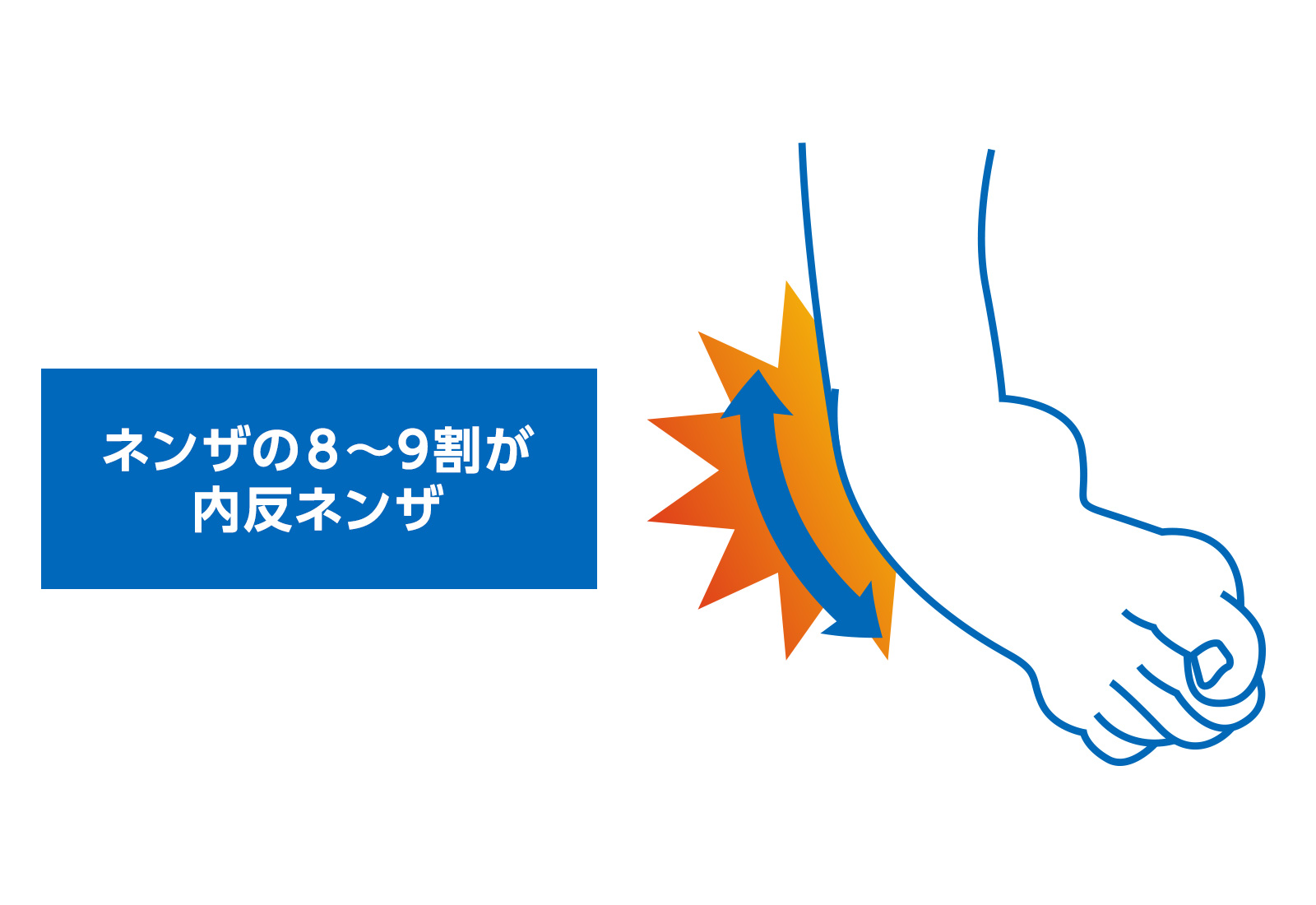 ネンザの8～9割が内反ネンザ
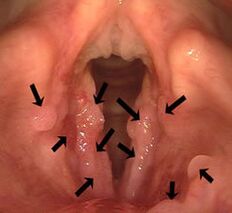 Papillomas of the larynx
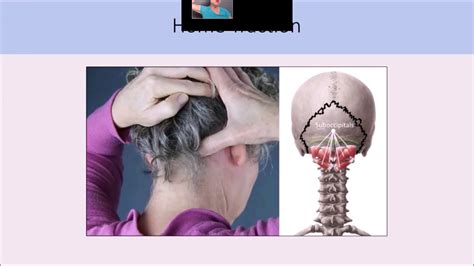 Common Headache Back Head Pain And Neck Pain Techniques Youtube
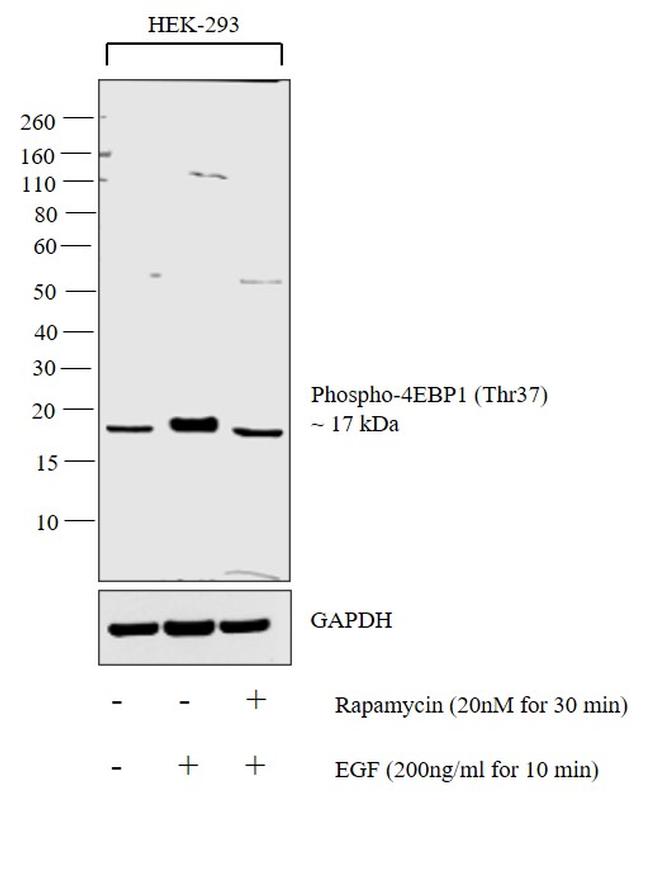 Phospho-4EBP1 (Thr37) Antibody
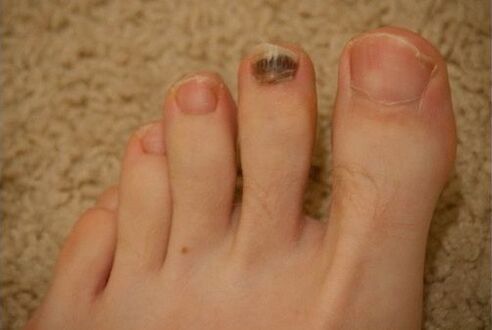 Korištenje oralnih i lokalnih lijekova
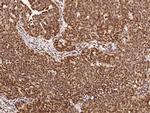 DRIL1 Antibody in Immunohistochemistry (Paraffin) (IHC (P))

========================================

— What is required —
Nothing but the pictures may be dropped as you repeat the listing above exactly.

— Finished task —
 ネンザの8～9割が内反ネンザ
 Papillomas of the larynx
 Common Headache Back Head Pain And Neck Pain Techniques Youtube
 Phospho-4EBP1 (Thr37) Antibody
 Korištenje oralnih i lokalnih lijekova
 DRIL1 Antibody in Immunohistochemistry (Paraffin) (IHC (P))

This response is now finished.